Toyota Motor Sales president and chief operating officer, Jim Lentz, told reporters at the 2012 Detroit Auto Show that both the electric iQ minicar and the battery-powered RAV4 SUV will be small-scale production vehicles and used to "gauge consumer preferences, usage patterns and daily requirements." In other words, Toyota will continue to sit on the sidelines and study EVs, while Nissan (and others) aim for the biggest possible volume for its electric vehicles.
Also speaking at the 2012 Detroit show last week, Carlos Ghosn, Nissan Motor chief executive officer, announced the automaker's 2012 US sales target for the Nissan LEAF: 20,000 units. Ghosn told reporters that he expects LEAF sales to more than double in 2012, compared to the 9,674 LEAFs sold in the US in 2011. Nissan's electric hatchback initially launched in seven US states. That number now stands at 30-plus states, and will be nationwide by summer 2012. By the end of this year, Nissan will move some of its global LEAF production to Smyrna, Tenn.

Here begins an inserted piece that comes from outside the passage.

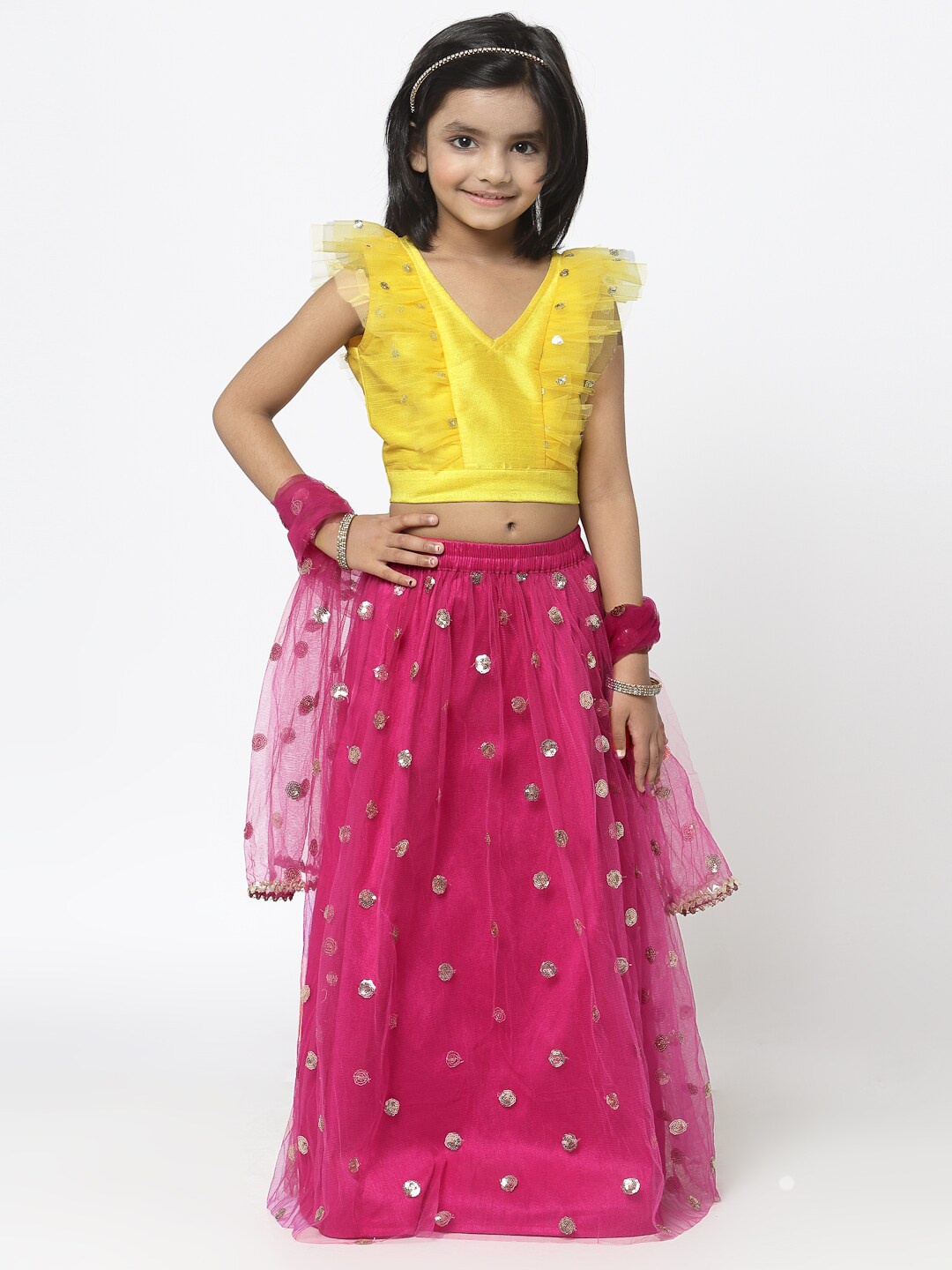 

studio rasa Girls Embellished Sequinned Ready to Wear Lehenga & Blouse With Dupatta, Pink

Toyota's Lentz said the electrified Scion iQ will have a range of 50 miles or less, and that the minicar will be a fleet-only vehicle. It's expected that most of the 100 or so Scion iQ EVs will be sold to car-sharing programs in urban areas in the US.
Lentz also confirmed that the Toyota RAV4 EV will have a range that exceeds 100 miles. It will become the only all-electric SUV available in the US when it hits dealerships, mainly in California, later this year.
According to Lentz, gauging consumer preferences means that Toyota will "test" both electrified vehicles for three years, at which point the automaker will determine whether or not the technology is ready for mass production.